La biografía habla de demasiados aspectos irreducibles a estas pocas líneas. De su primera labor con los niños oligofrénicos, a su fama exponencial y universal exportando esa pedagogía que se adapta al alumno y que no trabaja como lo hacen en general los pedagogos, «que parten de esquemas filosóficos, o peor, ideológicos». Fue una simbiosis entre una científica en un laboratorio y una madre amorosa que detestase lo invasivo. Respetó la individualidad de los niños, incidió en la importancia del silencio, del amor, de la paciencia. Y en esa educación de la placidez y bondad, desarrolló un método de trabajo organizado con un amplio rango de libertad para perfeccionarse en base a una disciplina interior. «La lentitud de este procedimiento es inevitable. Como las semillas, las ideas crecen lentamente, y cuanto más lentamente crezcan, más durará y se extenderá lejos su fruto». El impacto pedagógico del método Montessori hizo que, junto a su propia acción didáctica, fuese solicitada una difusión teórica y su vida transcurrió entre cursos internacionales, publicaciones, éxitos y tremendos fracasos. ¿Cuáles? Por ejemplo, en España, donde a causa de la Guerra Civil española, vio derrumbarse todo lo que había levantado, o en Italia, su patria, a causa del movimiento fascista del que intentó obtener apoyos para acabar por ser obstáculo e imposibilidad. En Europa, tuvo gran repercusión en Holanda, donde sus ideas fueron y son altamente valoradas, tal vez por su afinidad científica con el biólogo holandés De Vries, uno de los primeros genetistas, quien incorporó el concepto de los periodos sensitivos del niño, tan importante para el método Montessori, para explicar sus estudios sobre la teoría de la mutación. Más allá, fue entendida y muy apreciada en la India y también, hasta día de hoy, en Estados Unidos.

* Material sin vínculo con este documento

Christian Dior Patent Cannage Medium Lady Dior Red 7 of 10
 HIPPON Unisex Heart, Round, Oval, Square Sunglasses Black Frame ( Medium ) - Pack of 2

Fue una mujer excepcional que merece ser biografiada, como es el caso, en la complejidad de sus aciertos y derrotas. De Stefano está muy lejos de ese tipo de admiración fanática que exige pureza —que es lo que han hecho tantas biografías que ocultan aquello que no consideran a la altura—. Nadie es sólo uno, sino uno y la circunstancia, que modela y deforma. O sin el error, o sin la caída. Asomarse al pulso entre vocación y maternidad o a la tensión entre la ética del posicionamiento político y la corrupción que implica ceder una parte para no claudicar es también asistir a las coerciones de una época engarzadas al entramado de una vida intensa en lo personal, en lo político, en lo religioso y en lo social.